In his book The Younger Evangelicals, worship theologian and professor Robert Webber writes:
The younger evangelicals are marked in a very special way by the events of September 11, 2001. They know that the world will never be the same, that the ideals of prosperity and the hopes of a pre-September 11 world of peace will never happen. The rise of terror by militant fundamentalists is marking their world and creating an ideological battle of religions. Life will be marked by issues of peace and war, a new form of American patriotism, a wave of conservative political philosophy, and a more disciplined life. This cultural setting is radically different than the cultural setting of the post-World War II generation, which was resolved to rebuild their world, and of the post-sixties generation, which was bent on breaking from the past and asserting their freedom to reinvent ethics, religion, and the church.

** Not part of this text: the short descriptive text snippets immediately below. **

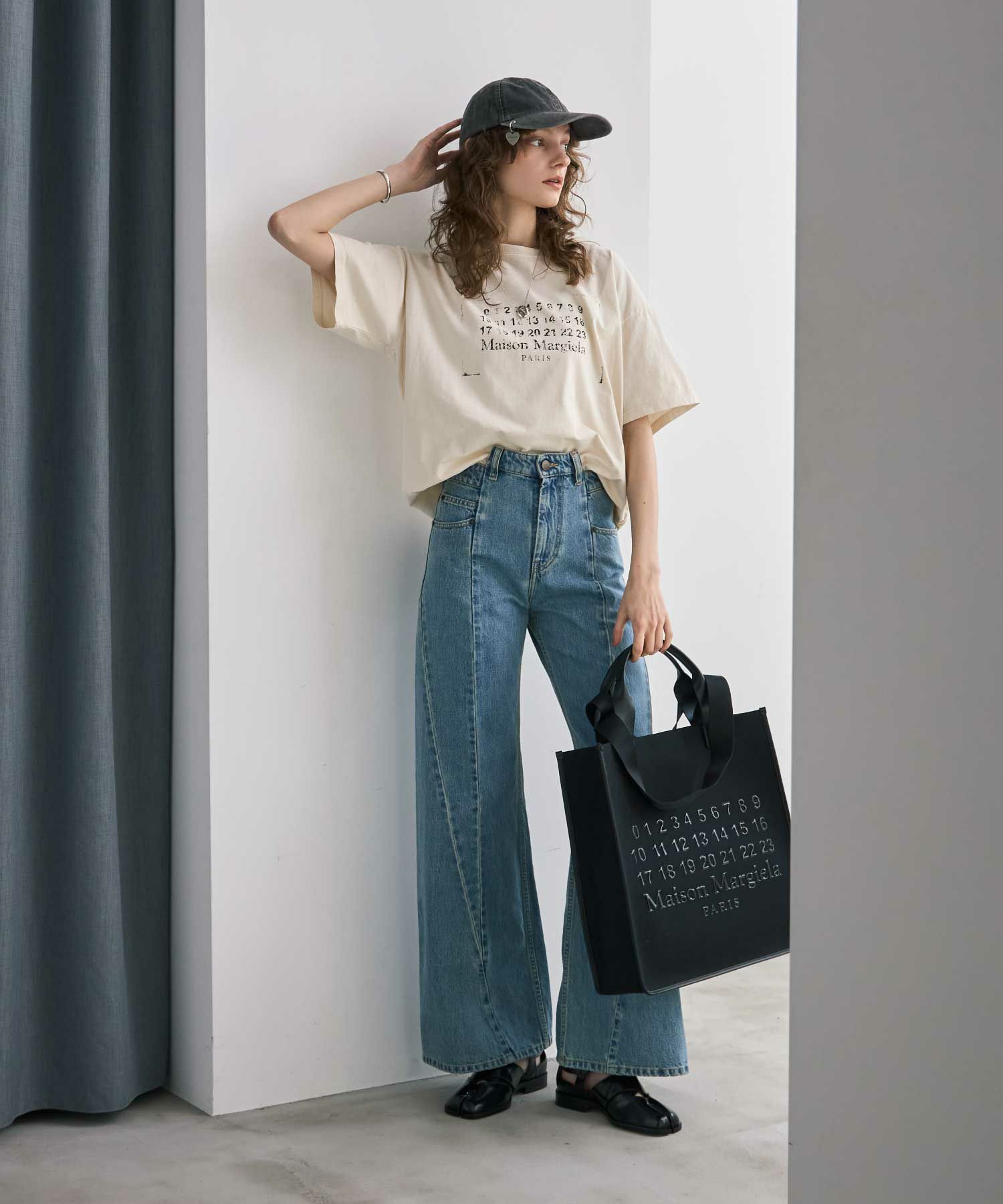 Maison Margiela(メゾンマルジェラ)】 カットアウトウエストジーンズ  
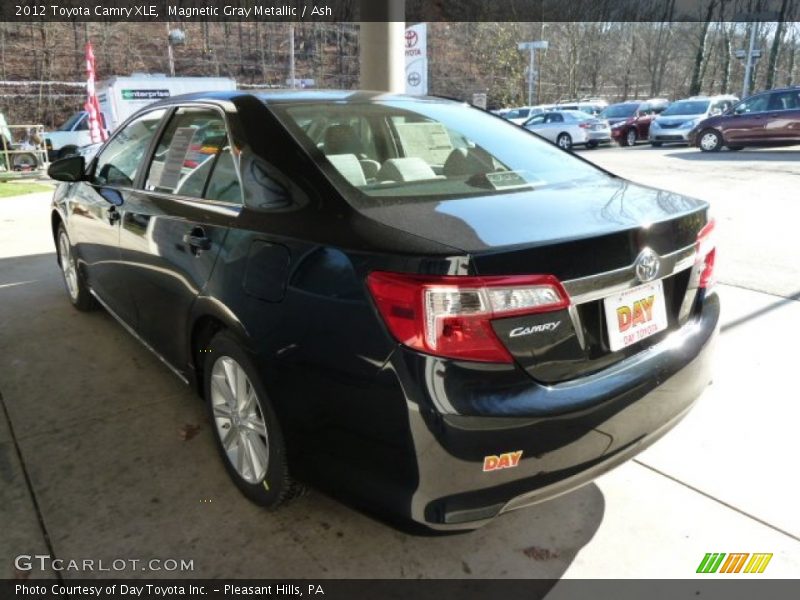 Magnetic Gray Metallic / Ash 2012 Toyota Camry XLE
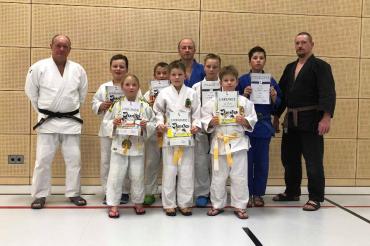 14.12.17 Günther Öttwös, Tobias Meier, Klemens Knie, Vitalij Sizanov, Ewald Laukert, Lukas Thum, Rico Gröber v.l. Martha Knie Erik Sutscheck, Hakon Sutscheck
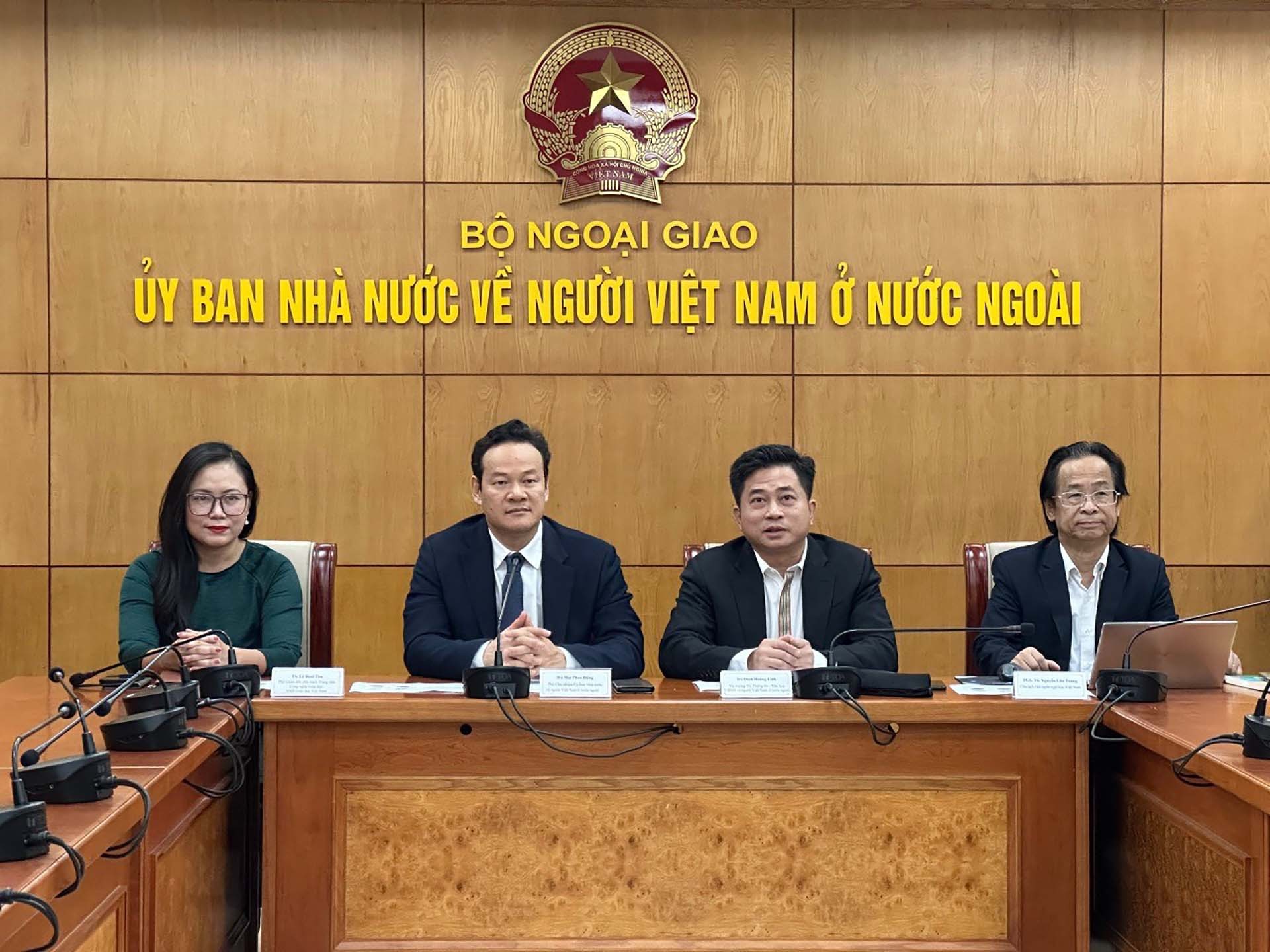 Hội thảo ‘Tầm quan trọng của việc dạy tiếng Việt và văn hóa Việt cho trẻ em Việt Nam tại Kyushu, Nhật Bản’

The postmodern September 11, 2001 world has led to the recovery of the biblical understanding of human nature. The language of sin, evil, evildoers, and a reaffirmation of the deceit and wickedness of the human heart has once again emerged in our common vocabulary…
The younger evangelical approaches humanity with a more realistic and biblical assessment of our estrangement from God.

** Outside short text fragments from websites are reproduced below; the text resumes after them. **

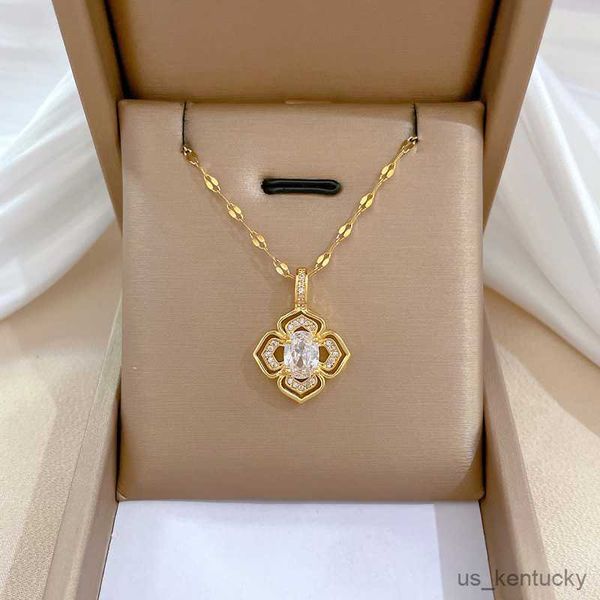 pendant necklaces classic and beautiful white transparent flower nelace fashion personality double hollow design versatile clavicle chain, Silver
pendant necklaces classic and beautiful white transparent flower nelace fashion personality double hollow design versatile clavicle chain, Silver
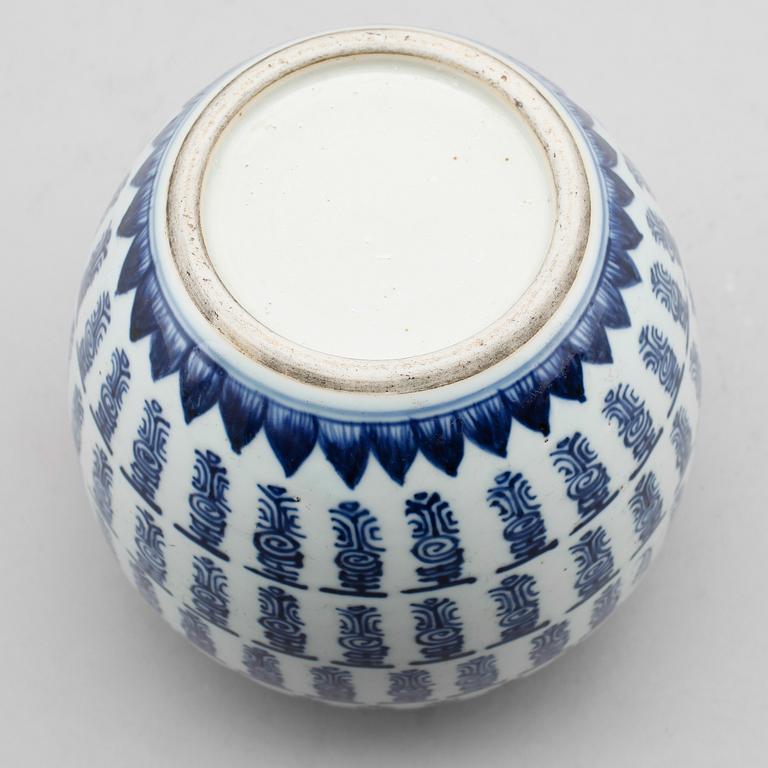 VAS, porslin, Kina, 1900-/2000-tal.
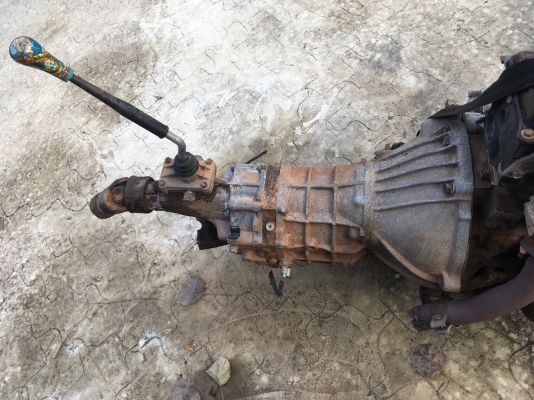 ขายเครื่องพร้อมเกียร์ 2L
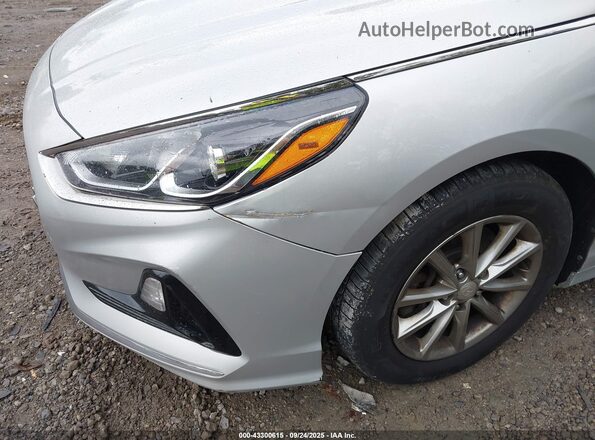 5NPE24AF2JH711598 2018 HYUNDAI SONATA Серебряный 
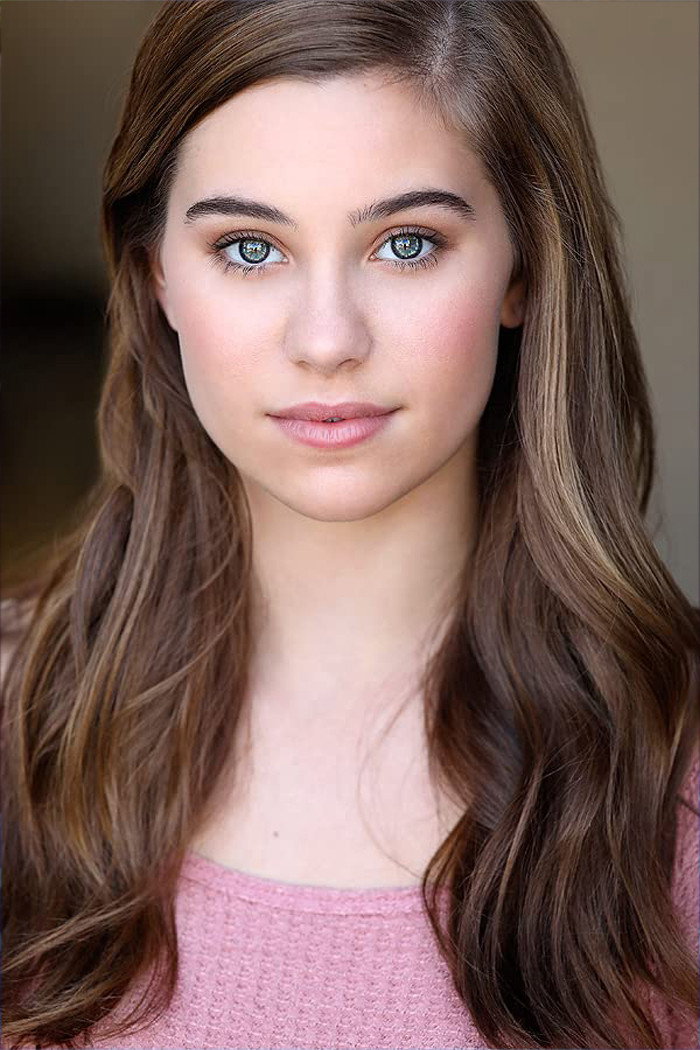 Cece Kelly as Jenna Simms in Killer Cover Up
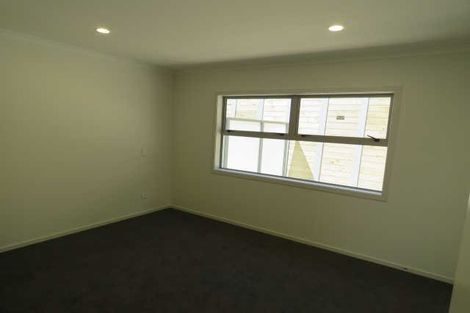 Photo of property in 4/50 Banbury Crescent, Fairfield, Hamilton, 3214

Though Webber wrote these words just several months after the attacks, his voice has a tinge of the prophetic to it. 9/11 happened, yes, and it just so happened to be a critical turning point for what he calls the Younger Evangelicals. According to his taxonomy, I fit into this category as a rare GenX/GenY line straddler. We are the ones who were fresh to the launch pad of career (the final years of high school/college and the first full time jobs) when this happened. It is a touchpoint of specific meaning for people who are now in their 30’s. We had hoped it will be the last drastic terror attack. It wasn’t. It’s still going on globally. But what about how this generation identifies in the church? Webber continues:
The younger evangelicals freely acknowledge that they differ with the pragmatist’s approach to ministry. [They are] not attracted to “showy worship and things that please my felt needs.”
Fascinating. My “felt needs” seems pretty shallow given the injustice and evil of the world. The needs are, sadly, more obvious than ever! I don’t think Webber is saying 9/11 caused this transition, but he certainly pinpoints the event that forced (or perhaps enabled) a paradigm shift that has considerable reach into our spiritual lives. The terror attacks became a tangible and universal expression of the kind of devastation sin brings to the world. Thanks be to God for His coming Kingdom, btw.
Today we observe the 16th September 11th since the first one of major significance. We can count on two things. First, the world is broken and sin has twisted everyone and everything. Second, Jesus is the King of a Kingdom that reaches and renews the broken world. Implication: this is the time to be the church, especially in a Post-9/11 world that knows evil incarnate in every memory of the planes, the jumping, the collapsing towers. This breaks the heart of the Father. He will not leave us in this situation forever. There is hope that affects us now: the Kingdom of God is here.